Last week I did a little trip to Kripalu, a hip and groovy yoga center in western Massachusetts. Although I wouldn't call myself a yoga junkie like some (it's worth a visit to that site if you like any of her passions), but I've definitely been getting more into it lately. In previous posts I wrote about the Baron Baptiste classes I visited (aka "sweaty yoga") which were very cool, er, hot, in a blow your mind kind of way. The Kripalu style is much gentler and not all that different from the yoga classes I've taken over the years. The main difference is that you are doing 1.5-2 hour classes two times a day, which is a lot more yoga than I normally do. And I can feel it still, four days later! Youch. But good youch I reckon.
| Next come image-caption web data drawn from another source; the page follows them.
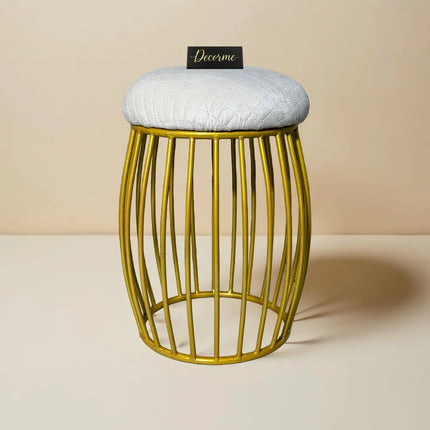 Contemporary Vertical Rod Iron Stool (Golden)
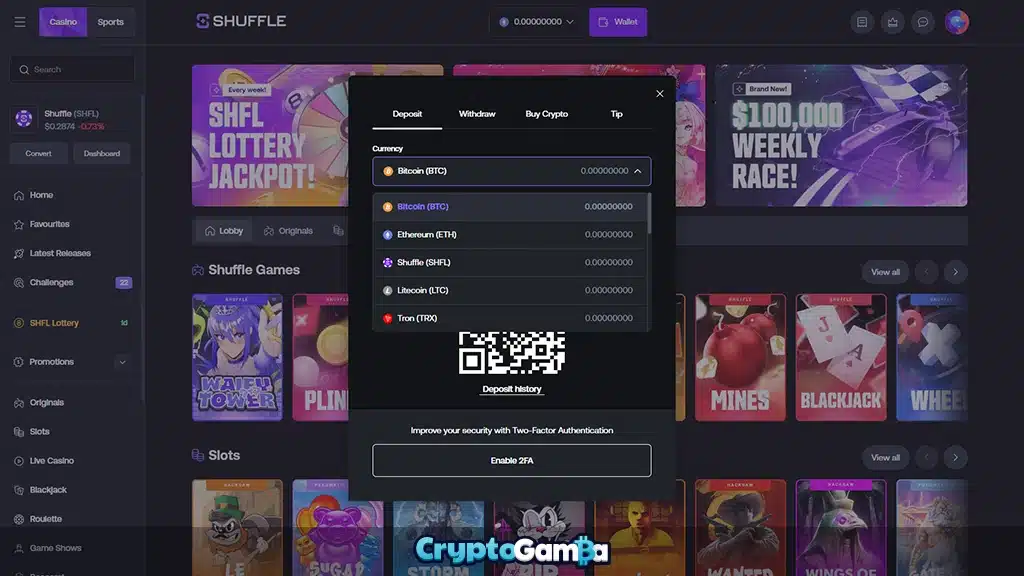 Crypto deposit at Shuffle Casino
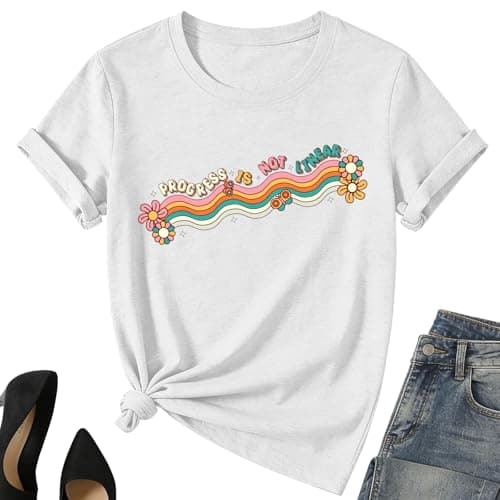 Special Education Teacher Shirt for Women-Sped Teacher Short Sleeve Progress is Not Linear Graphic Tees - Image 1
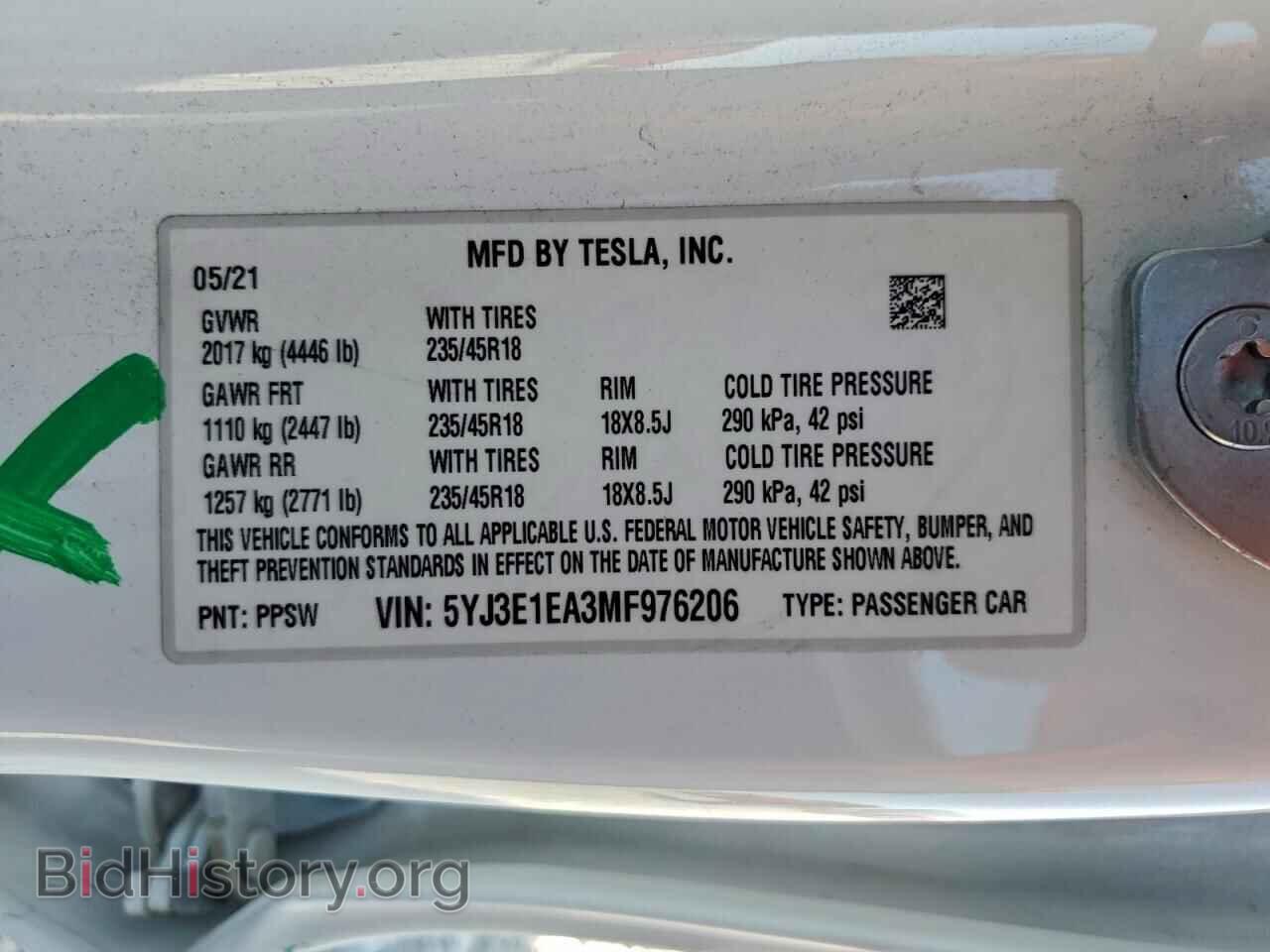2021 TESLA MODEL 3 - VIN: 5YJ3E1EA3MF976206 - Фото 12
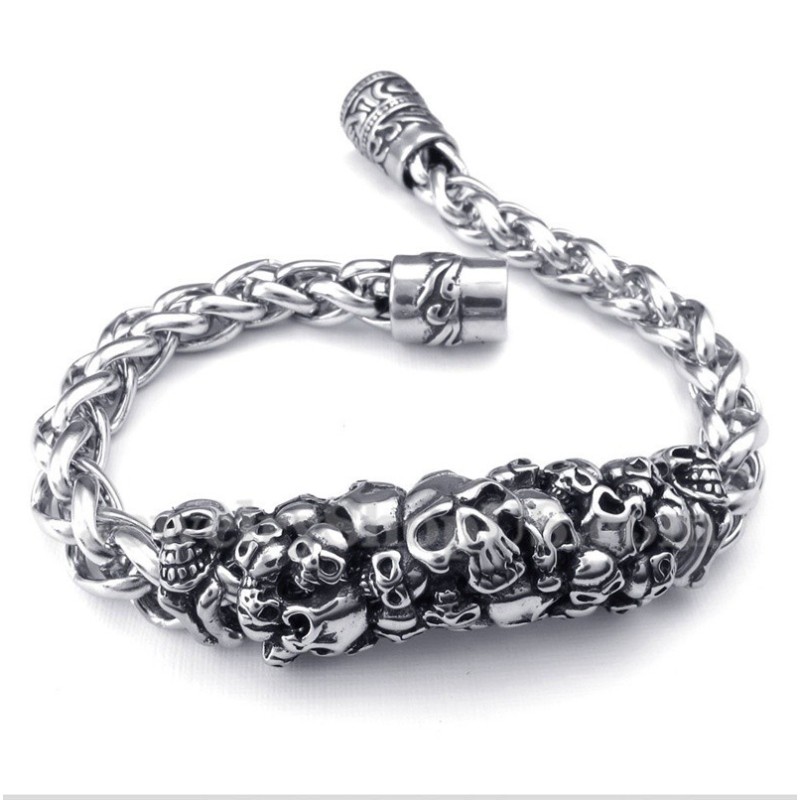 Bracciale Da Uomo Con Teschio In Titanio Fuso Bracciale Da Uomo Con Teschio In Titanio Fuso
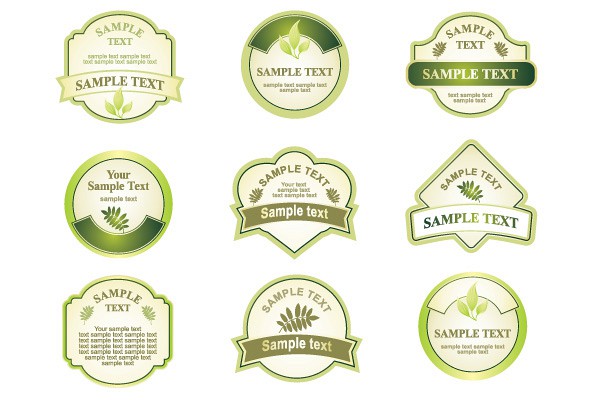 Green Bottle Vector Labels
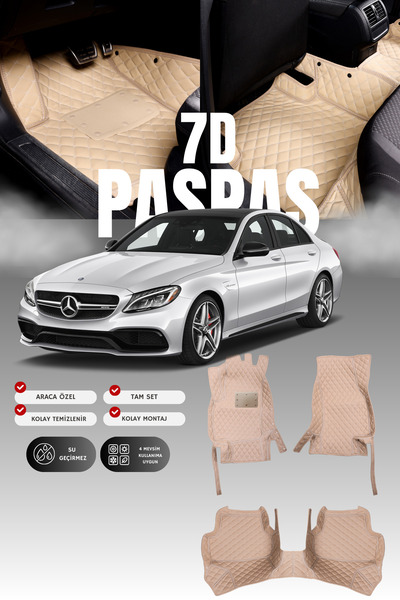 stiloto دواسة سيارة جلدية لمرسيدس C200 / W205 (2014-2021) بتصميم حوض سباحة سب...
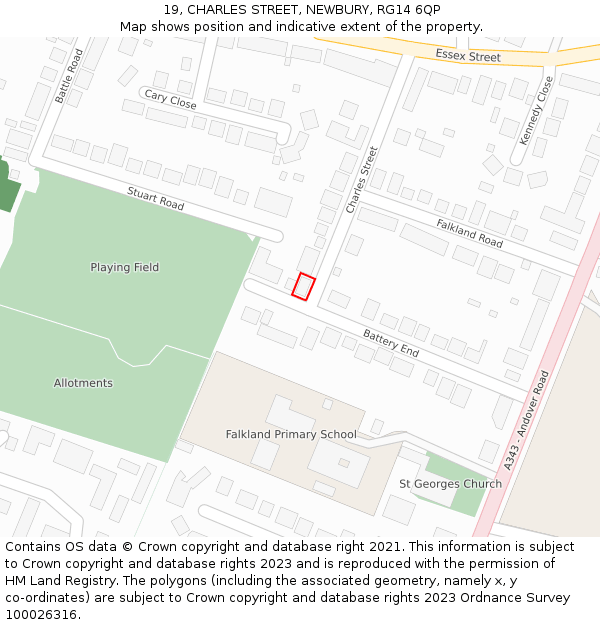 19, CHARLES STREET, NEWBURY, RG14 6QP: Location map and indicative extent of plot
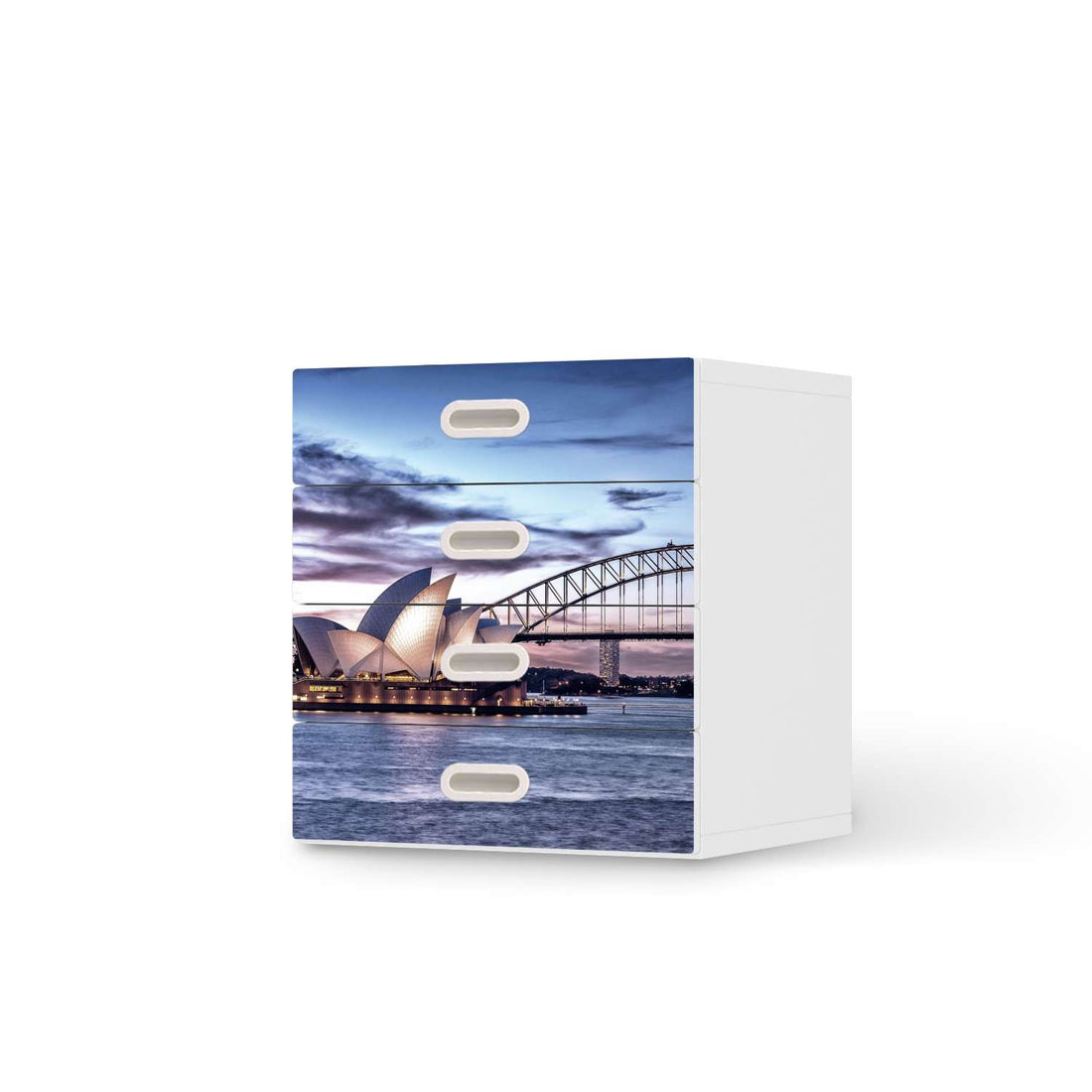 Klebefolie Sydney - IKEA Stuva / Fritids Kommode - 4 Schubladen  - weiss
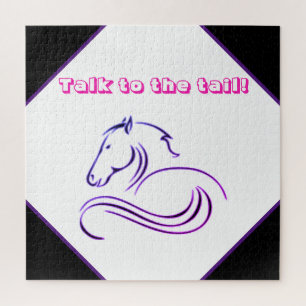 Girls Cute Talk to the Tail Horse    Jigsaw Puzzle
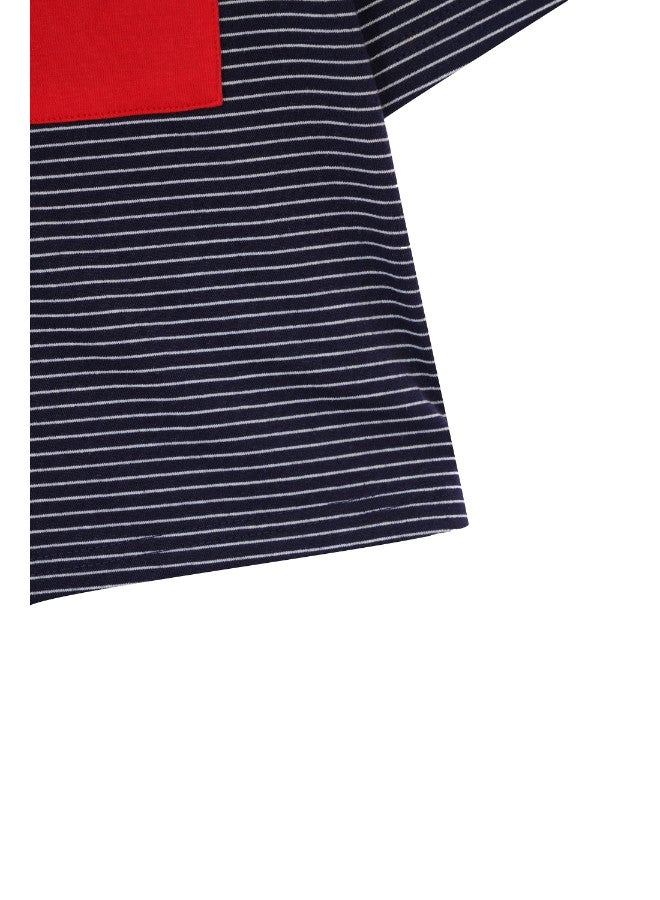 Aila - Women's Casual Short Sleeve Polyester Blend T-Shirt With Round Neck Stripes Design Navy/White/Red - Image 1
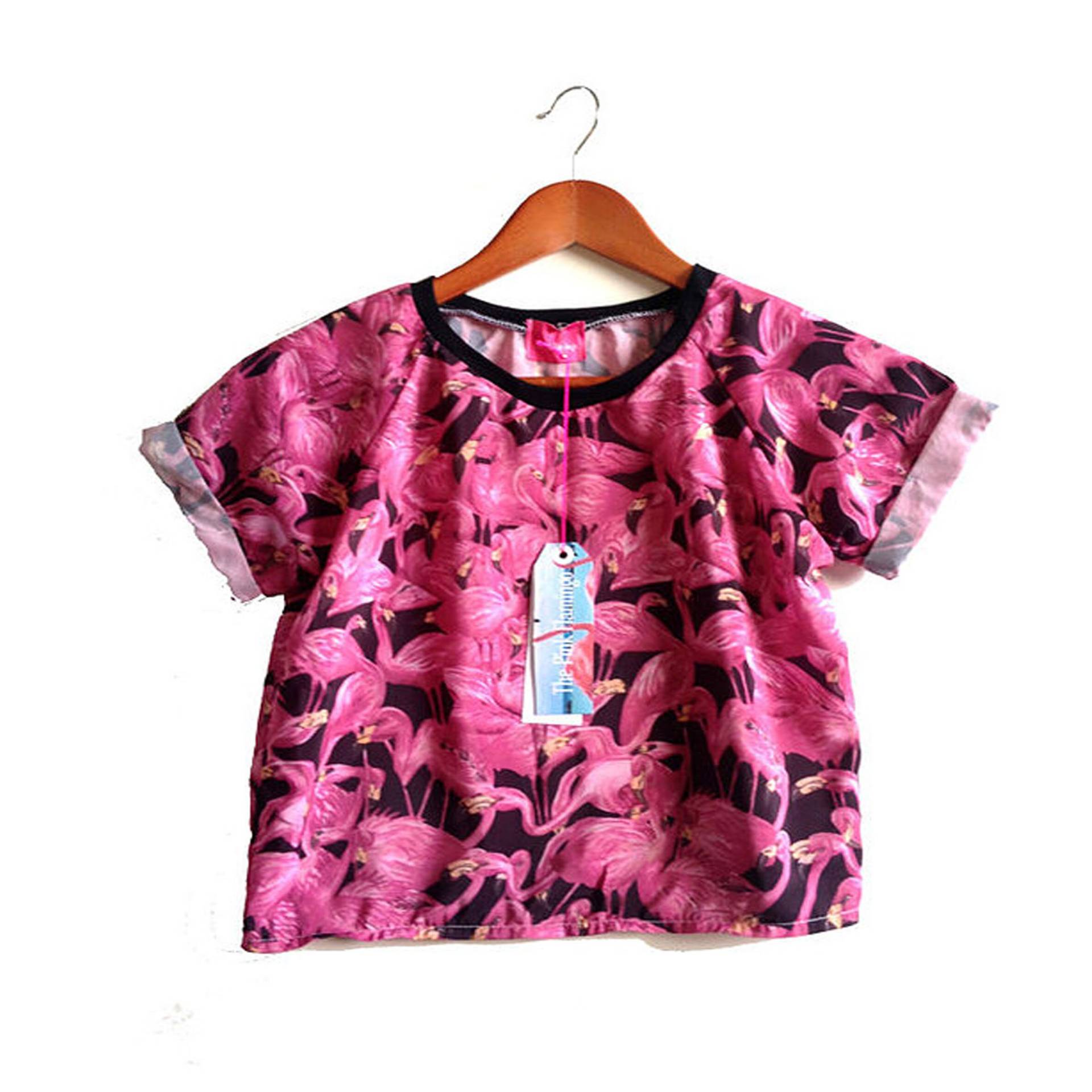 Flamingo Print Crepe Raglan-Ärmel-T-stück Flamingo Print Crepe Raglan-Ärmel-T-stück von PinkFlamingoShorts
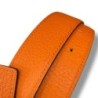 CEINTURE HERMES BOUCLE HOMME 3D NOIR ET ORANGE T80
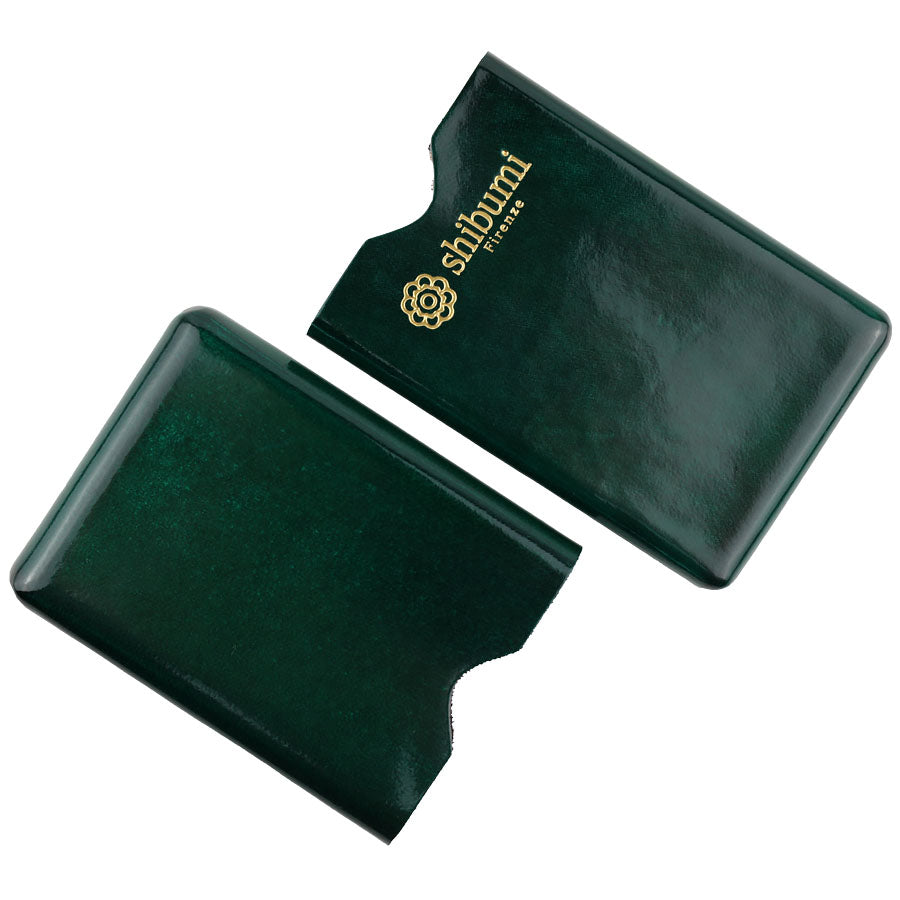Calfskin Leather Card Case - Bottle Green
You know you like yoga when you're willing to get up for a 6:30 AM class on a vacation day. But that's how Kripalu kinda works -- it's like boot camp for body nurturers. You wake up ridiculously early for the class, then head off to your incredibly healthy breakfast (brown rice, miso soup and yogurt being the main choices), then off to a workshop that is about some sort of healthy thing (I went to sound healing). Then to Danskinetics at noon, which was even more fun than I expected. Next is excruciatingly healthy lunch -- brown rice again, and a decent veggie pad thai, lots of fresh fruit. Then another workshop, another yoga class, healthy dinner, another workshop and in bed by 9:30. (Yup -- and believe me, you're ready to sleep). Of course, only crazy people like me actually do all of that stuff -- a lot of folks just kick back and stare out the window or go swimming or whatever it is people-who-are-not-me do. But I wanted to see what this place was all about, and I think I did get a good sense of it. And I definitely left with a renewed sense of energy, even if I was pretty much exhausted.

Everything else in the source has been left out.